The last bit of border drawn between Canada and the Lower 48 states is on the west coast in the Gulf of Georgia. That’s named for the George the Thirteen Colonies broke with, and who signed the Quebec Act, guaranteeing the religion and language of the colony Britain won from France in the Seven Years War.
The main sweep of the border in the west had been fixed by the Oregon Treaty of 1846, extending the 49th parallel from the east slope of the Rocky Mountains to the Pacific.
There was an exception to this. The Hudson Bay Company had a trading fort at the south of Vancouver Island, and it was agreed to leave the entire Island in British hands. This meant bending the boundary south of 49 to pass midway through Juan de Fuca Strait.
Ownership of the smaller islands in the Gulf between Vancouver Island and the mainland was not decided. It was here the border zigzagged southwest from the 49th to end in Juan de Fuca Strait. Some islands would go to Washington, others to British Columbia.

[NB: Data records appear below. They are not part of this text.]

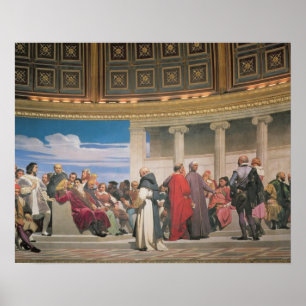 Póster Hemiciclo: Artistas de todas las edades, detalle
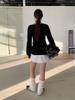 Dorothy Korean V-Neck Spring Solid Sweater - Women's Knitted Straight Waisted Top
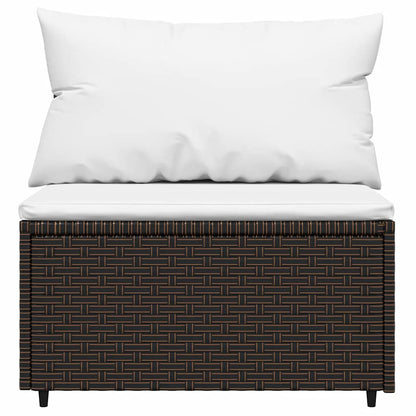 3-Delige Loungeset Met Kussens Poly Rattan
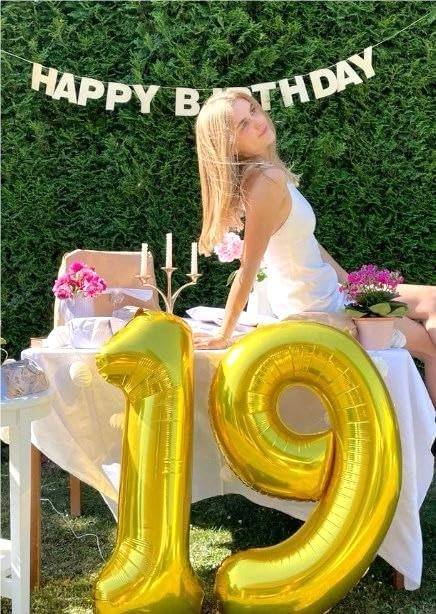 Big Gold 40 Inch 19 91 Balloon Number, Jumbo Giant 19 91 Birthday Party Decorations, Large 19 91Foil Balloons Anniversary Birthday Party Engagement Decorations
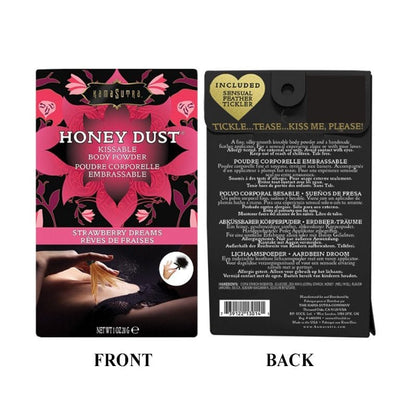 Kama Sutra Sensual Love Strawberry Dreams / 1 oz Kama Sutra Honey Dust Kissable Body Powder
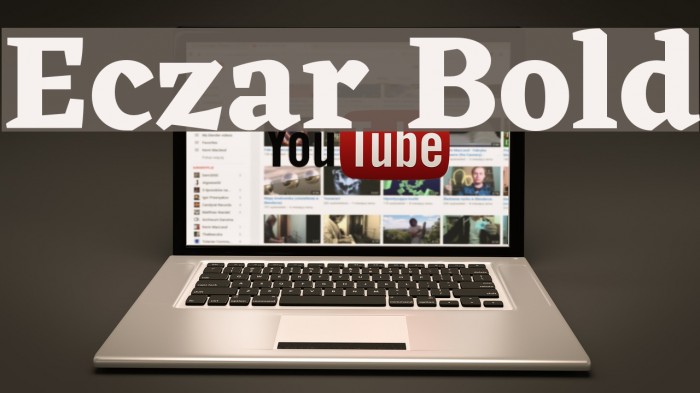 Eczar Bold Font examples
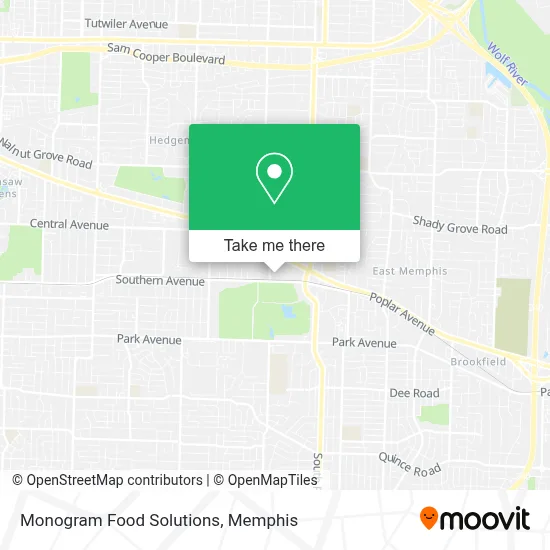 Monogram Food Solutions map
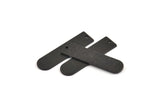 Siyah Kolye Çubuğu, 1 Delikli 4 Dokulu Oksitlenmiş Siyah Pirinç Damgalama Boşluğu, Kolye Uçları, Tılsımlar (35x9x1mm) D1395 S1140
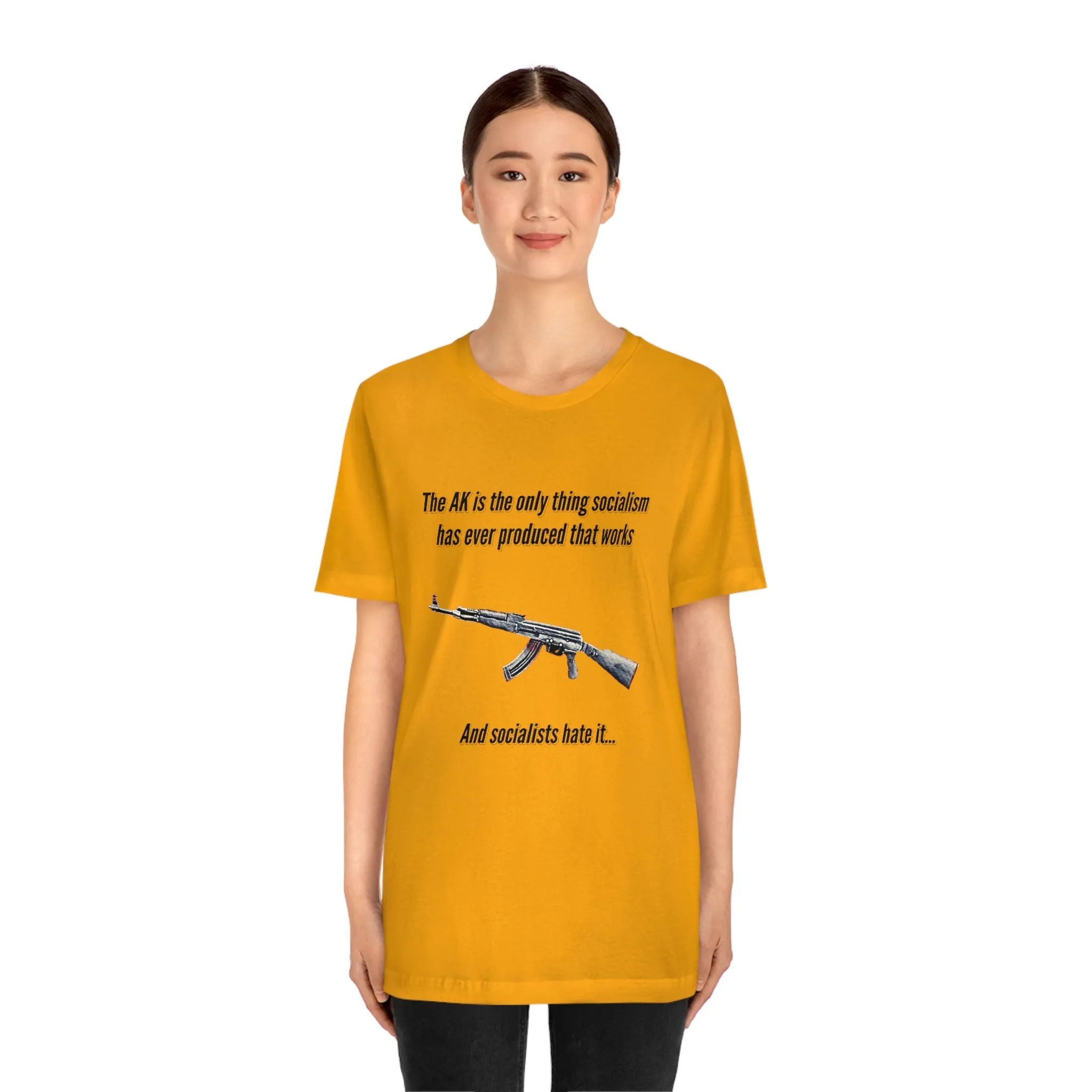 Irony of the AK-47 Men's and Ladies Tee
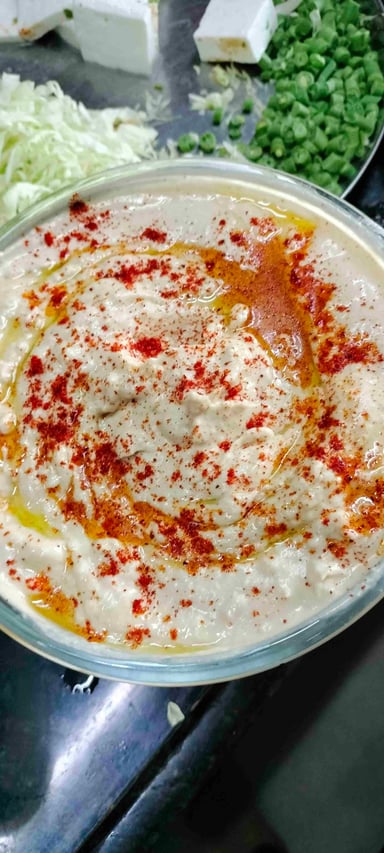 Tasty Hummus Dip cooked by COOX chefs cooks during occasions parties events at home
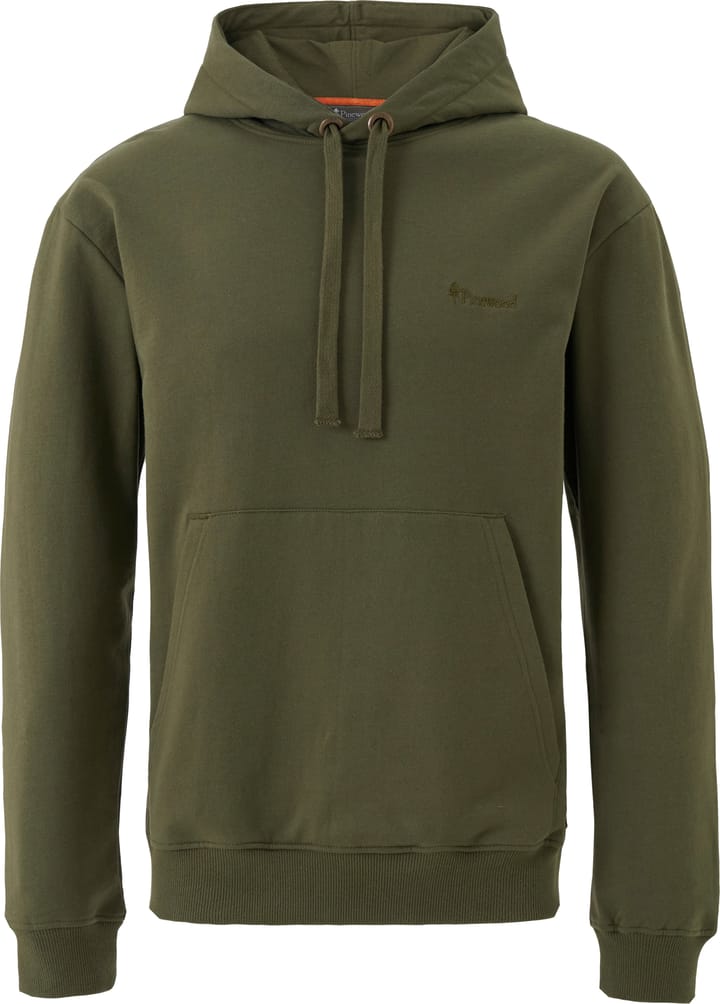 Pinewood Logo Hoodie Pine Green Pinewood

Which would go where was not clear. Especially contentious was Belleville Island, so called by the British who had a Hudson’s Bay Company post there too. Twenty-nine American settlers who lived on the island called it “San Juan.”
A pig belonging to an Englishman was shot while rooting in an American potato patch. The owner refused $10 compensation, and tried to have the American settler arrested. The Battle of Giffin’s Pig loomed, and threatened to pit the US against the UK.
In July 1859 400 American militiamen faced off against five British warships. The fleet was called out by BC Governor James Douglas, but the British Rear Admiral in charge was reluctant to fight for such low stakes. Then the US Civil War broke out.
In 1872 the border issue was arbitrated by Germany’s Kaiser Wilhelm I. He accepted the recommendation of three judges, and drew the boundary between today’s San Juan Islands (American) and the Gulf Islands (Canadian).
Belleville Island was awarded to the US and since has been known as San Juan, the second largest in the San Juan cluster. Washington State Ferries summer service from Anacortes WA to Sidney, BC, calls here.
The Canadian Gulf Islands north of the border are crisscrossed several times daily by British Columbia Ferries service between Vancouver and Victoria.
Captain George Pickett who led the US militiamen was the later Confederate General who lost the Battle of Gettysburg, which turned the tide in the Civil War.
Kaiser Wilhelm was grandfather of the Emperor of the same name in the First World War. The parties he made peace between were allied against his country in 1917-18.